Makchang gui is said to have originated in Daegu and the surrounding Gyeongsang Province region. King Seonjo of Joseon is said to have enjoyed the dish at his coronation.

==Preparation and serving==
Makchang is usually grilled over a barbecue, but preparation has to be done beforehand to rid the meat of odd odors and excessive fat.

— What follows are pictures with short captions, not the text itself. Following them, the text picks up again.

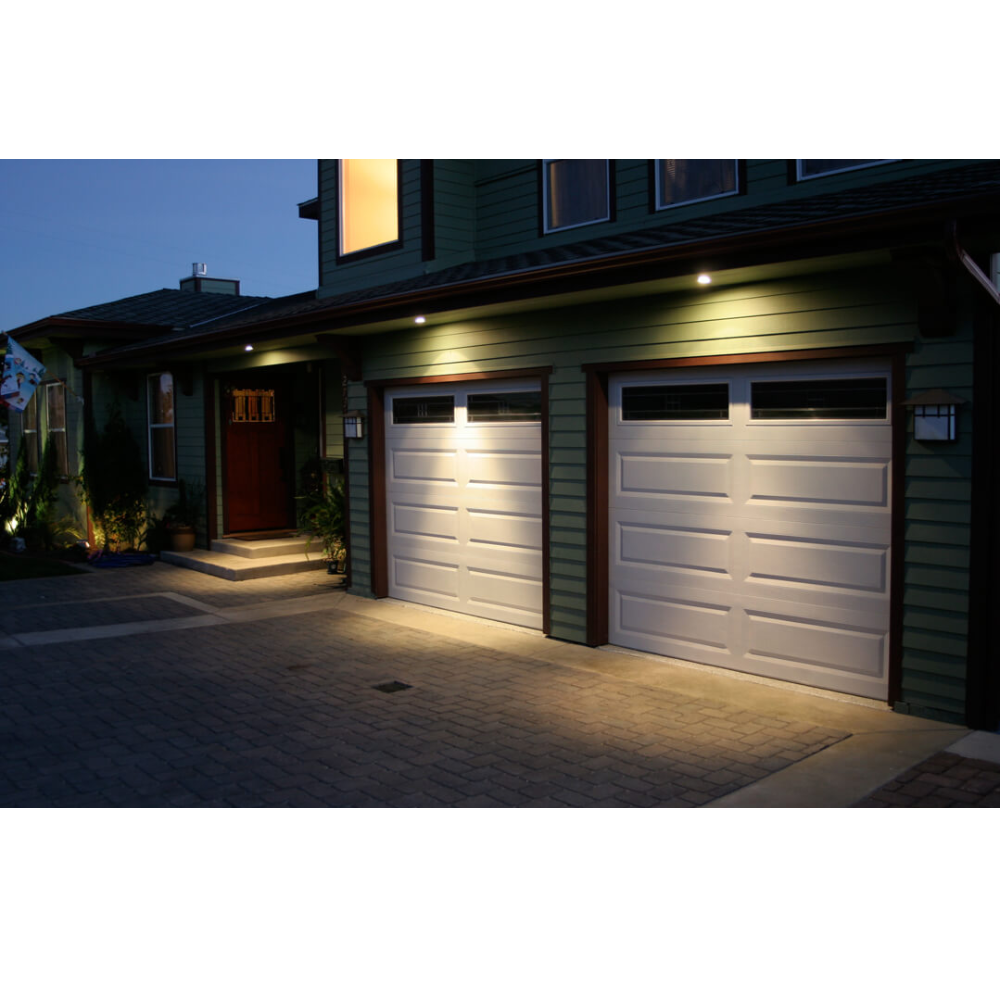 Warren 24x8 garage doors adjust garage door cable length garage door panel with windows
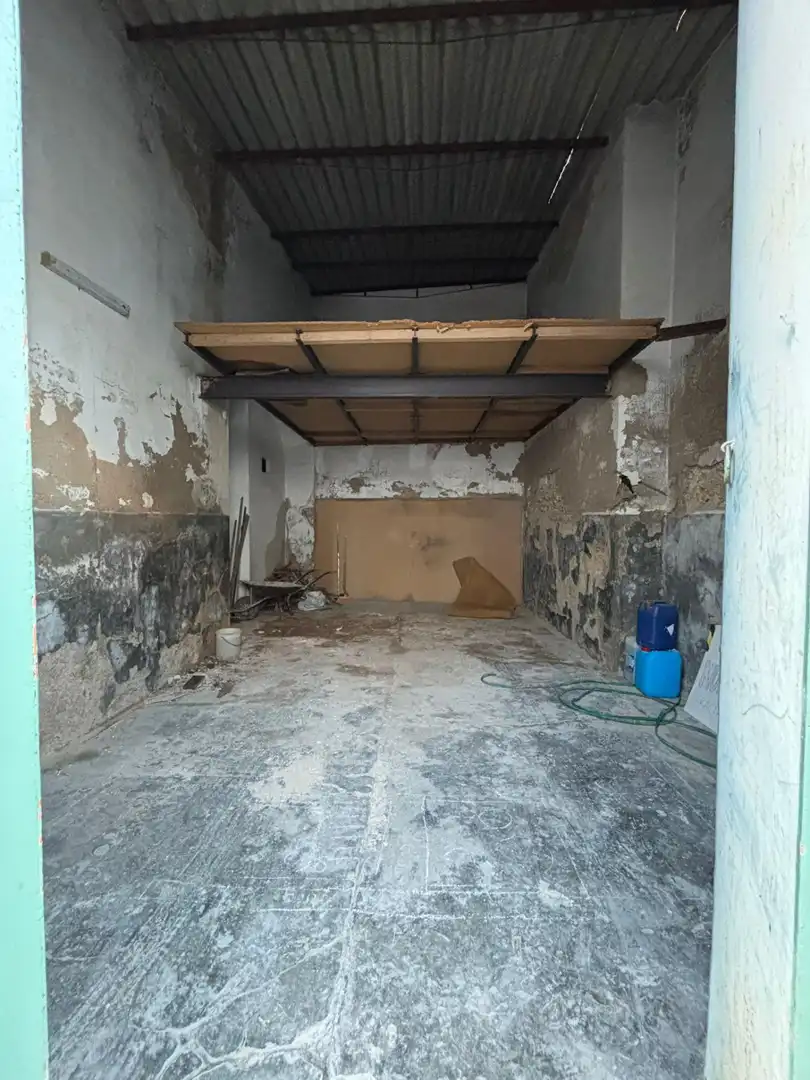 Nau industrial en venda en Arahal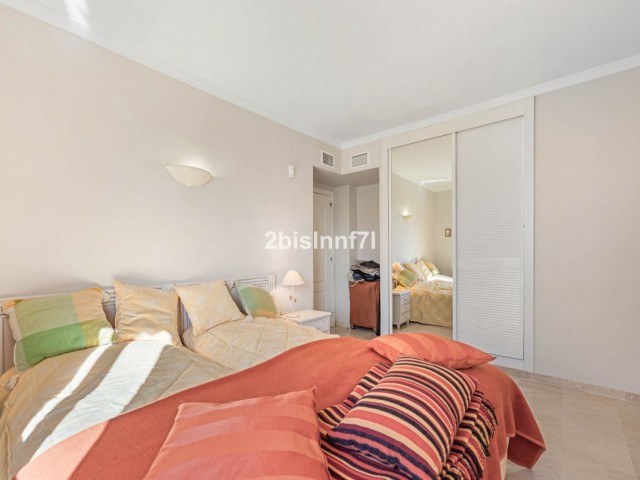 3 Makuuhuoneen Huoneisto Elviria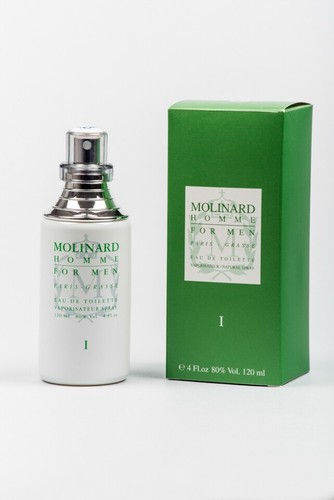 Molinard homme i edt - ⭐⭐,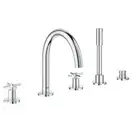 Змішувач для ванни Grohe Atrio (19923003)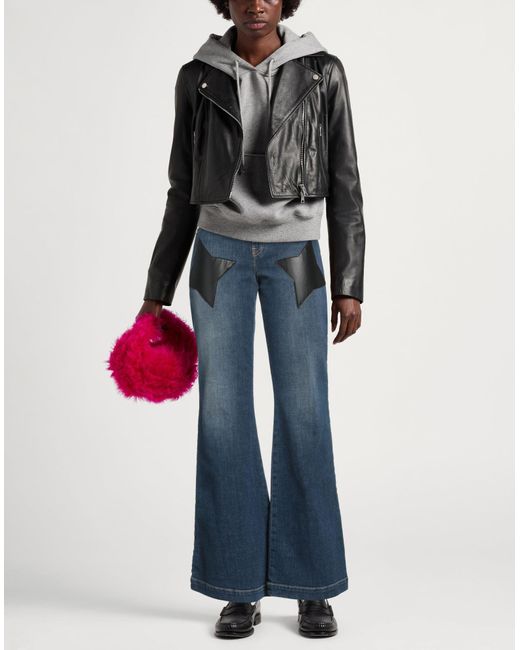 Dixie Blue Jeans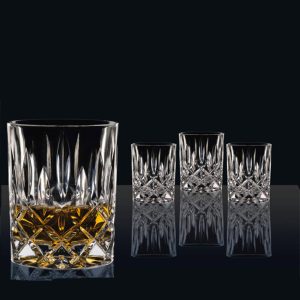 Bộ Cốc Whisky Nachtmann 89207 Whisky tumbler Noblesse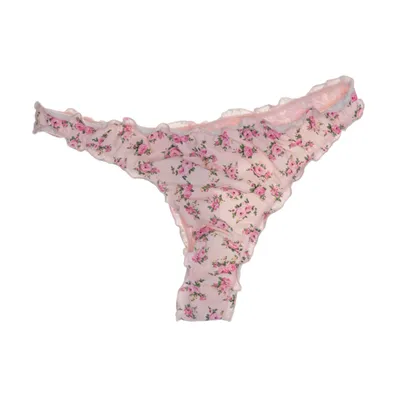 Bikiniunderdel (Cheekini) från Cubus Elastan, Polyamid, Polyester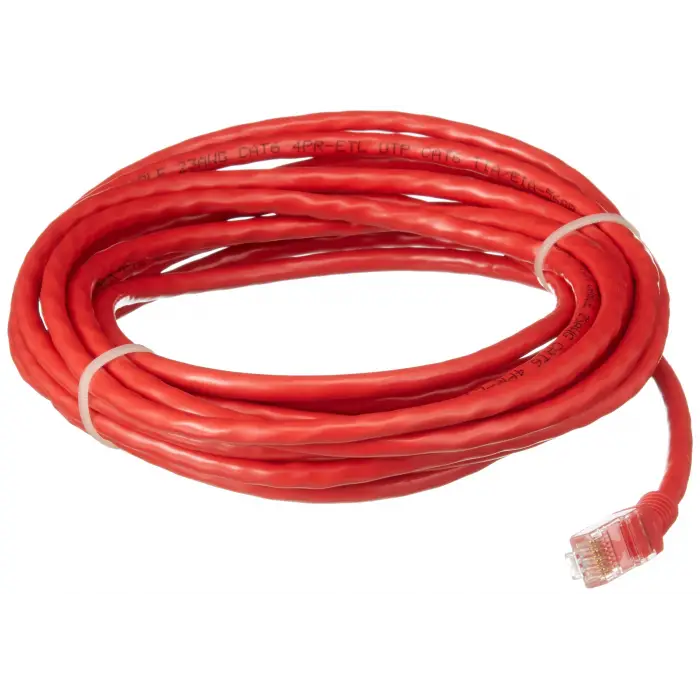 Fnk-605K Cat 6 Patch Kablo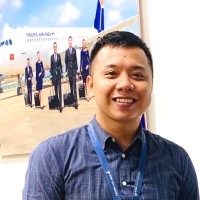 Nguyen Huu Thien (Joshua)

The meat may either be pre-boiled in water seasoned with doenjang, onions, medicinal herbs and such, or pre-marinated in a sauce made of various fruit (apple, Korean pear, pineapple, kiwi, etc.) before grilling.

The dipping sauce is made from a mixture of doenjang, ground beans, ground red pepper, and chopped scallions. Fresh green and red peppers, cucumbers, minari and garlic are sometimes added according to personal taste.